Among the records below, find the line with "Handcrafted woven napkin" and the line with "Figurine: Gnome with". Set down both and every line between, exactly and with no pictures, but nothing else.
[TASK INPUTS]
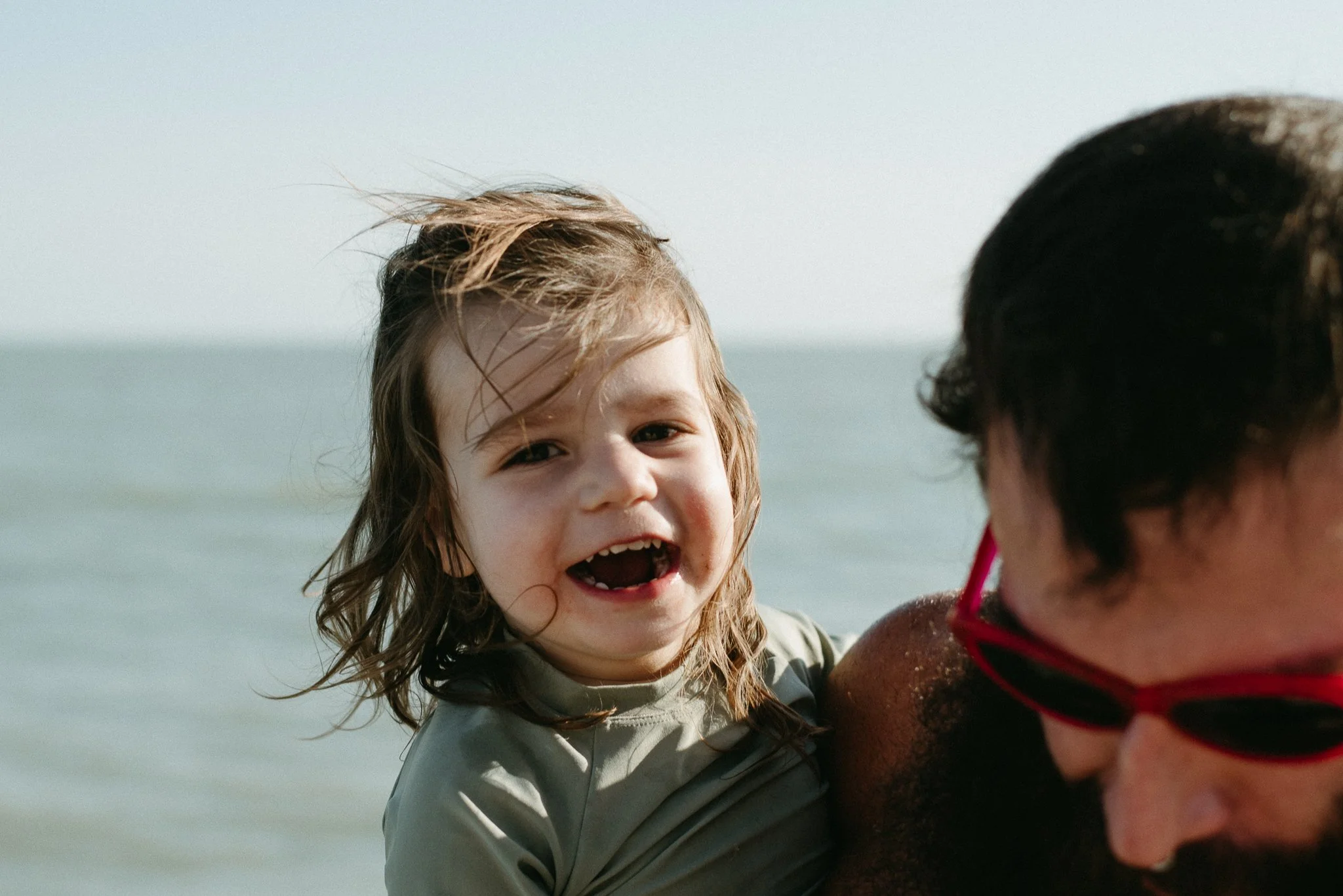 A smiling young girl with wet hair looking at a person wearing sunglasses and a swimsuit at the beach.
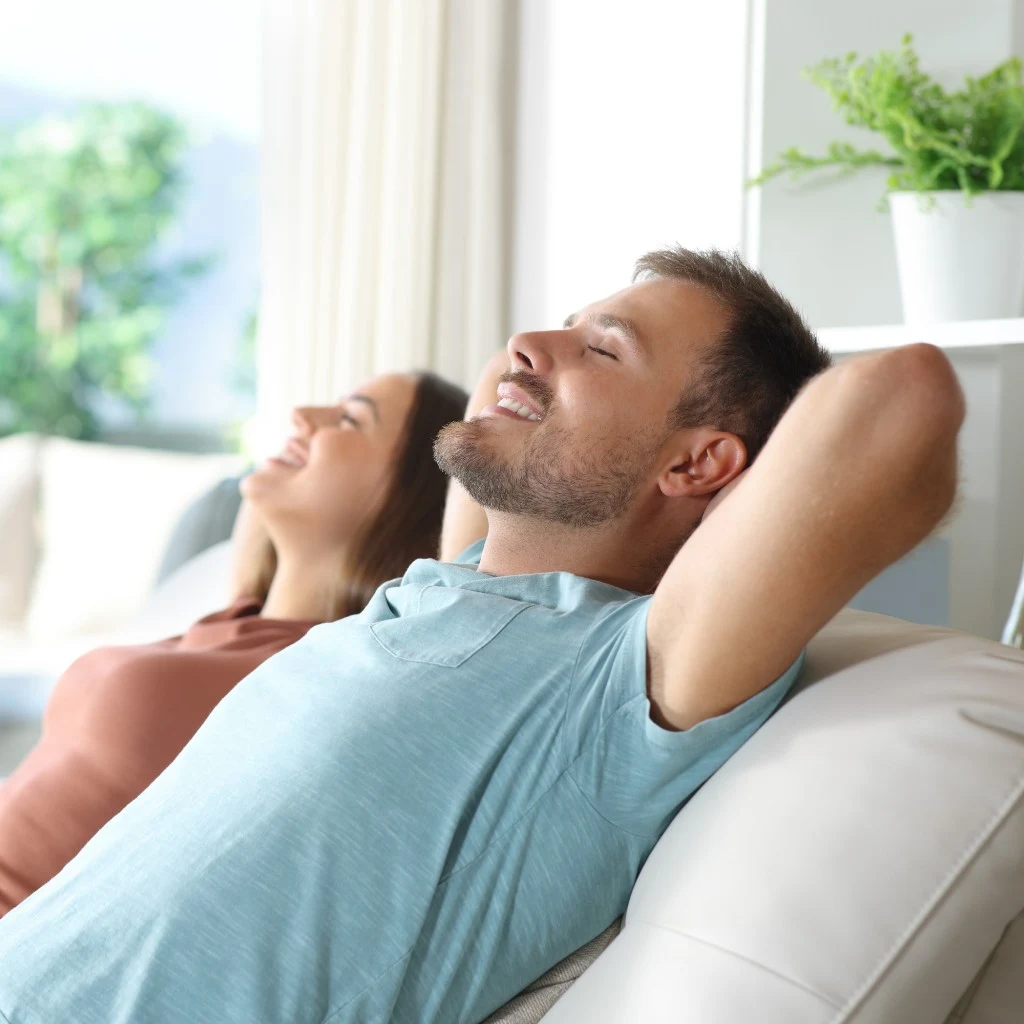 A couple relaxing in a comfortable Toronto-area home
[/TASK INPUTS]
[TASK INPUTS]
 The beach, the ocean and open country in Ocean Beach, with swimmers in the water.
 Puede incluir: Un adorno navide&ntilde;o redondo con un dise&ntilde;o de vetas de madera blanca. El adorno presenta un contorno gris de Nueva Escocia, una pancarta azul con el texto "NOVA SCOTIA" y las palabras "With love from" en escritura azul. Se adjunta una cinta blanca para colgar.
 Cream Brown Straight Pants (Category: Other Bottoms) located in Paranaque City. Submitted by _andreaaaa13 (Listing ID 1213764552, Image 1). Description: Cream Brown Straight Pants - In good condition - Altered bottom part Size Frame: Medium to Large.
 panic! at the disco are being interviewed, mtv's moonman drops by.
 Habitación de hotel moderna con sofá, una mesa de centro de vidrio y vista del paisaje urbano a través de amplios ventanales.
[/TASK INPUTS]
[TASK INPUTS]
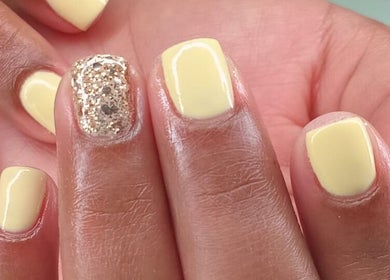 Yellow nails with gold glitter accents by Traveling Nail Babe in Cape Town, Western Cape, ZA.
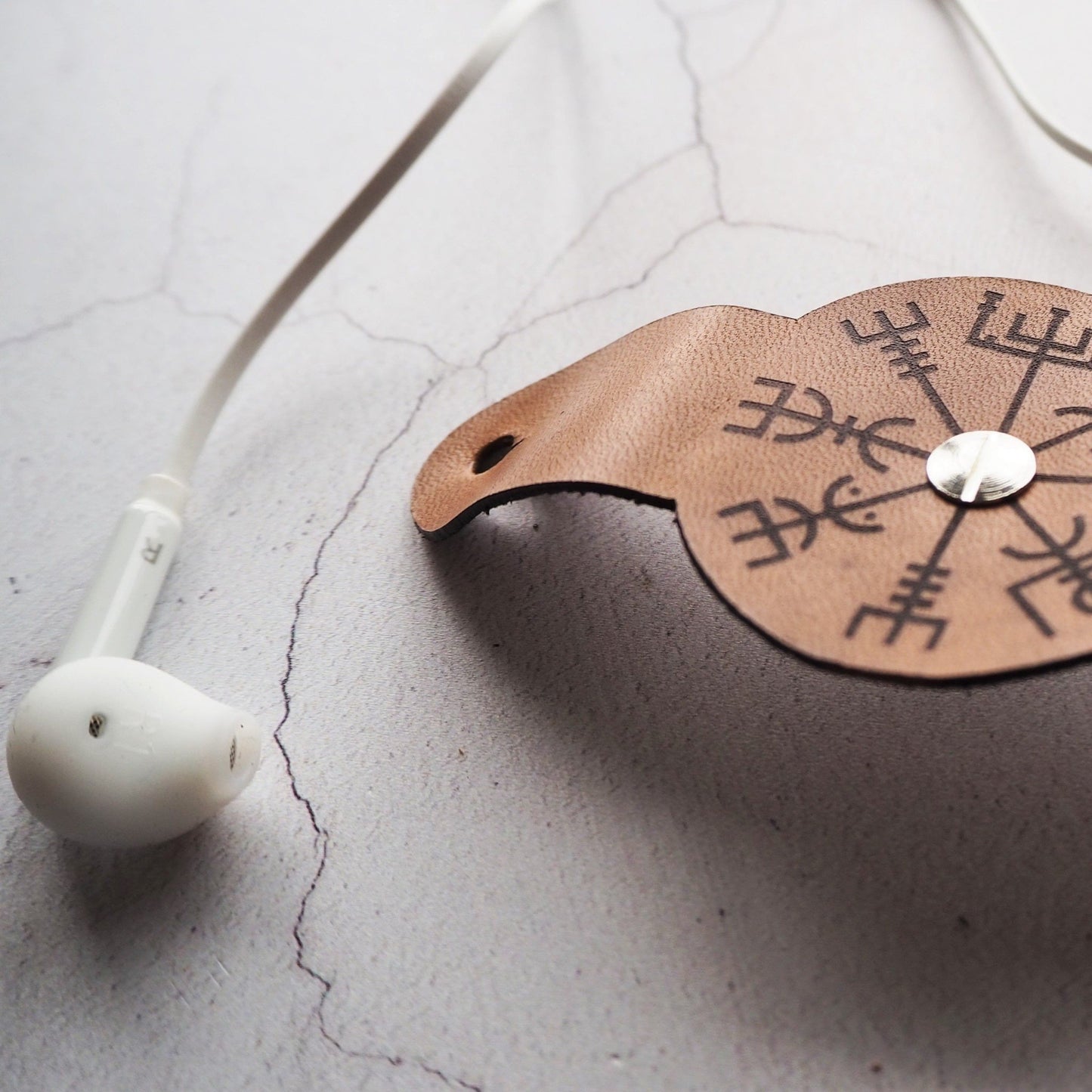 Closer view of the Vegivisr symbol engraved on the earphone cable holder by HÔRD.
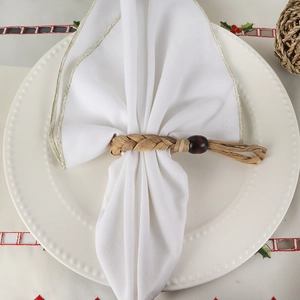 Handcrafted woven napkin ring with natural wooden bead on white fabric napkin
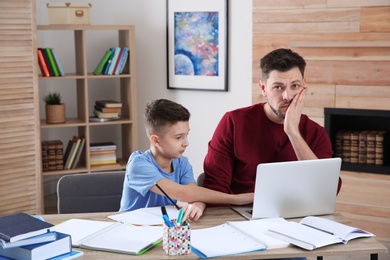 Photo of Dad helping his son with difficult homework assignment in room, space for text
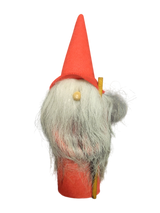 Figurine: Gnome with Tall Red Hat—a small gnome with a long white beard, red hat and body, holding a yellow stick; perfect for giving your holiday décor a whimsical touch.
[/TASK INPUTS]
▸ PROBLEM SOLUTION
 Handcrafted woven napkin ring with natural wooden bead on white fabric napkin
 Photo of Dad helping his son with difficult homework assignment in room, space for text
 Figurine: Gnome with Tall Red Hat—a small gnome with a long white beard, red hat and body, holding a yellow stick; perfect for giving your holiday décor a whimsical touch.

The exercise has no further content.